═══ GIVEN RECORDS
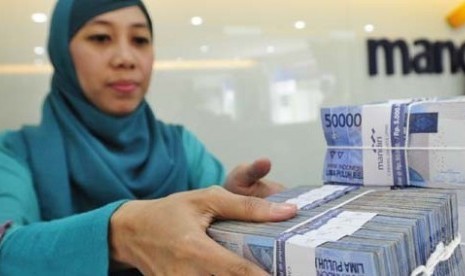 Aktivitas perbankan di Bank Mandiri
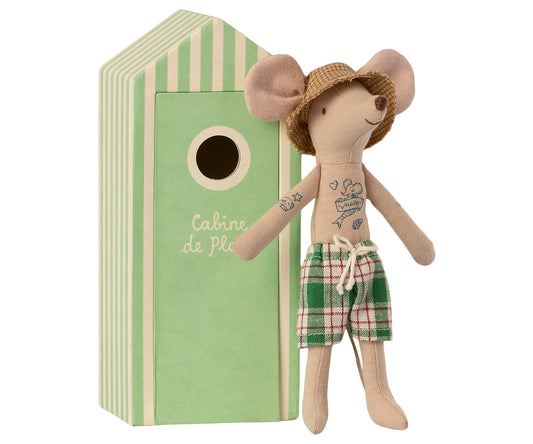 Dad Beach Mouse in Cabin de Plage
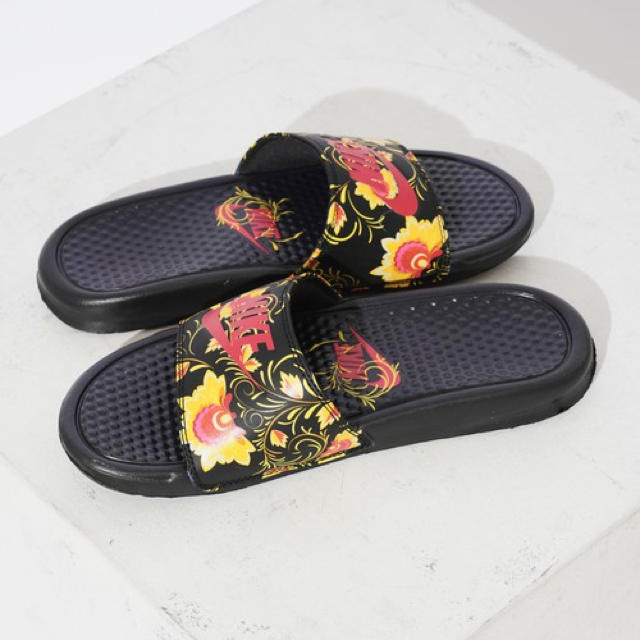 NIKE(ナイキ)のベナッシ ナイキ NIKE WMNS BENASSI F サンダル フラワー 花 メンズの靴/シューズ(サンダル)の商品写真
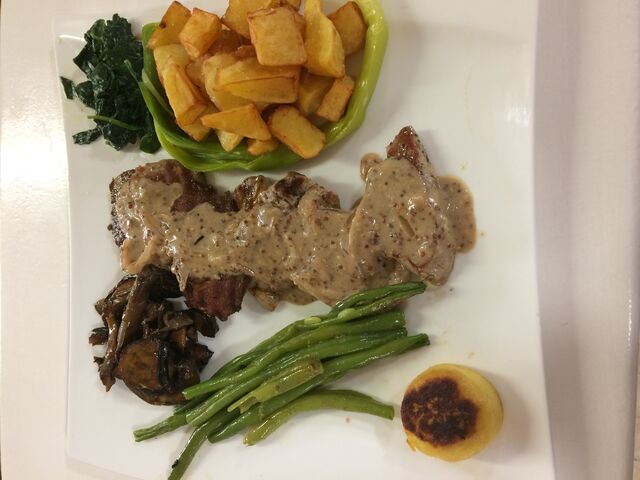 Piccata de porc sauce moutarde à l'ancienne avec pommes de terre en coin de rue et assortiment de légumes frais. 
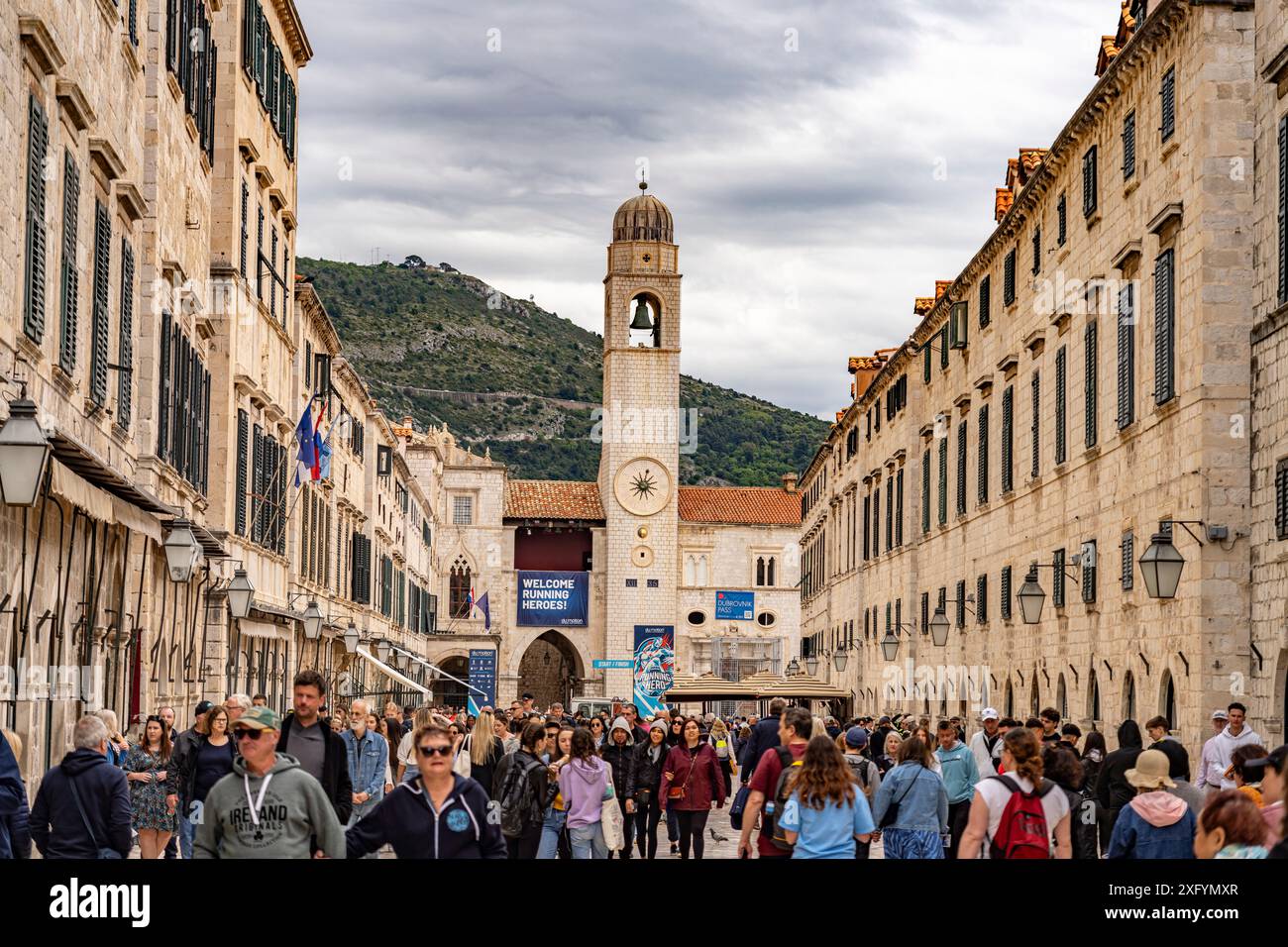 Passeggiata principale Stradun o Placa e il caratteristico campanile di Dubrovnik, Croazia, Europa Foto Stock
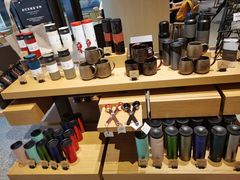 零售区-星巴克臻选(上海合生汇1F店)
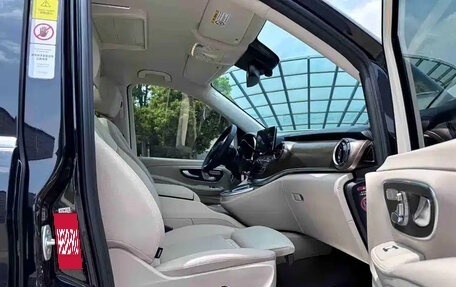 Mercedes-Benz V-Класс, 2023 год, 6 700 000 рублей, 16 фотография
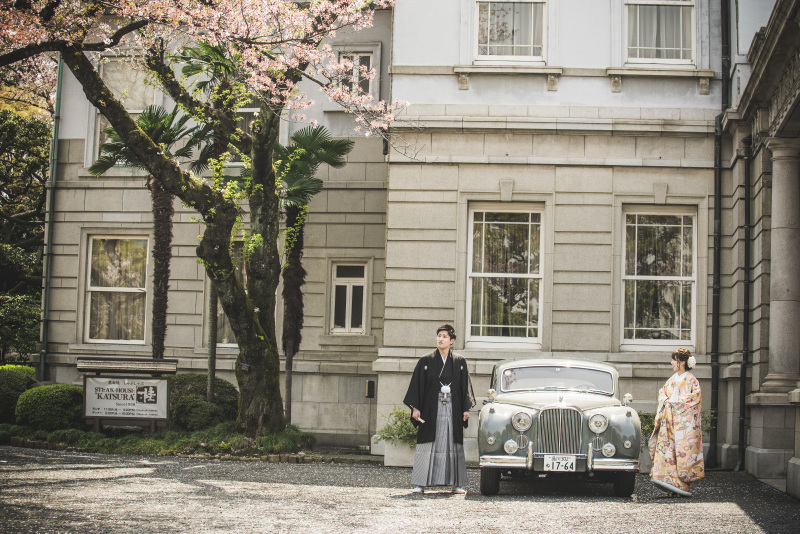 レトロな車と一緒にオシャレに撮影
══════
═══ GIVEN RECORDS
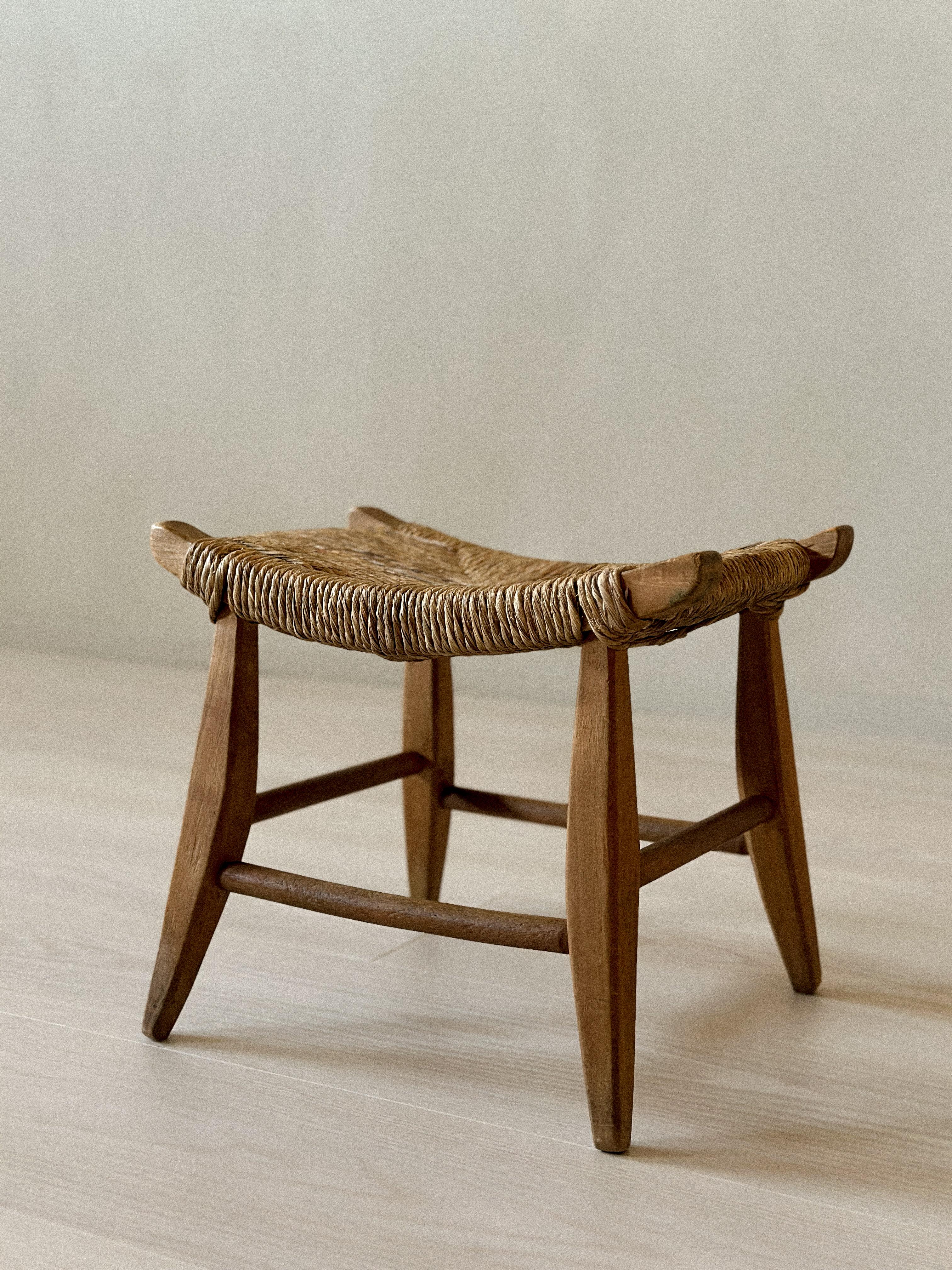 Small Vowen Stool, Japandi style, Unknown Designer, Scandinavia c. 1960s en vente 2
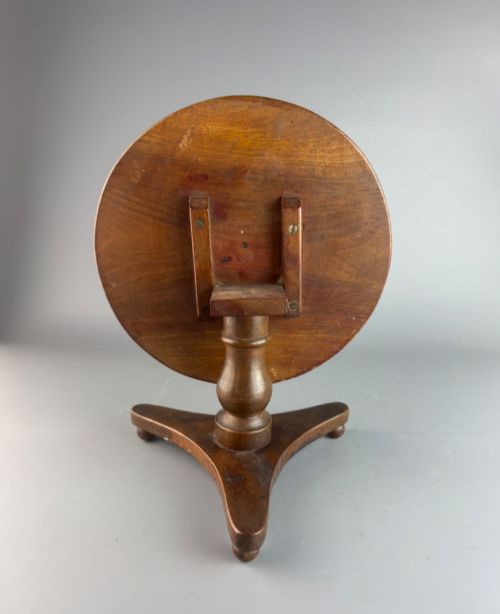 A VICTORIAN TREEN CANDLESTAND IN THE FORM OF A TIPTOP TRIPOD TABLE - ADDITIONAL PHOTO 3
══════
═══ GIVEN RECORDS
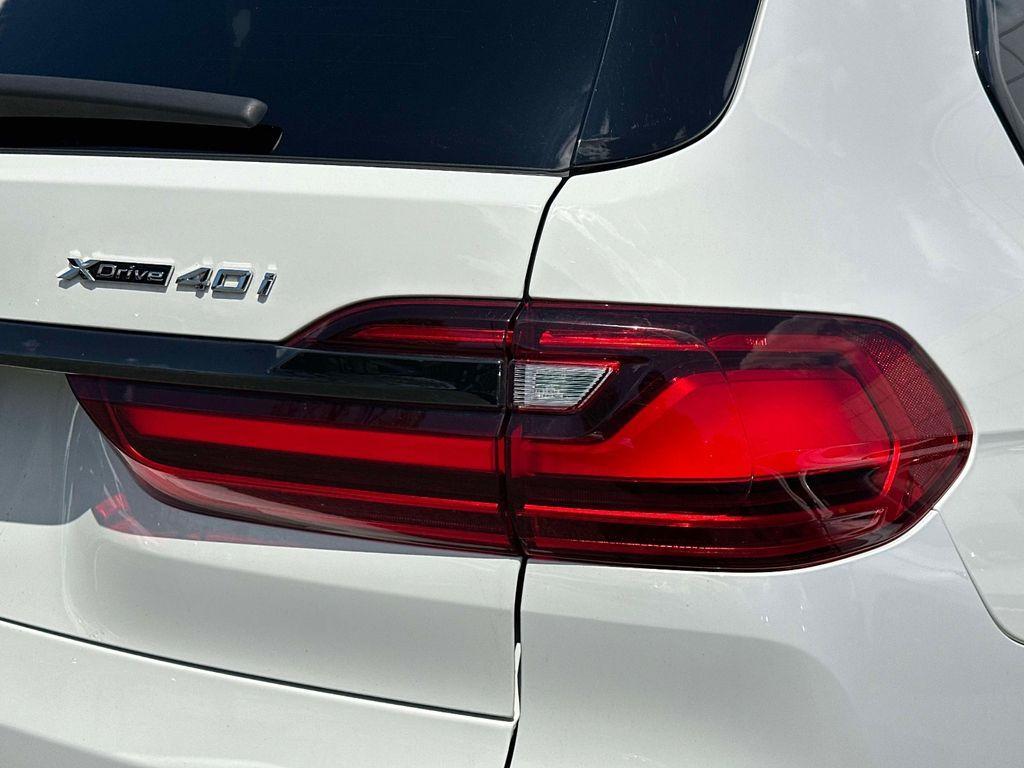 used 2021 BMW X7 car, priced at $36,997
══════
> _WHAT IS NEEDED_
Although the records above contain pictures, the copy should not; retype exactly the lines from the one containing "Dad Beach Mouse in Cabin de Plage" through the one containing "Piccata de porc".

> _SOLUTION_
 Dad Beach Mouse in Cabin de Plage
 NIKE(ナイキ)のベナッシ ナイキ NIKE WMNS BENASSI F サンダル フラワー 花 メンズの靴/シューズ(サンダル)の商品写真
 Piccata de porc sauce moutarde à l'ancienne avec pommes de terre en coin de rue et assortiment de légumes frais. 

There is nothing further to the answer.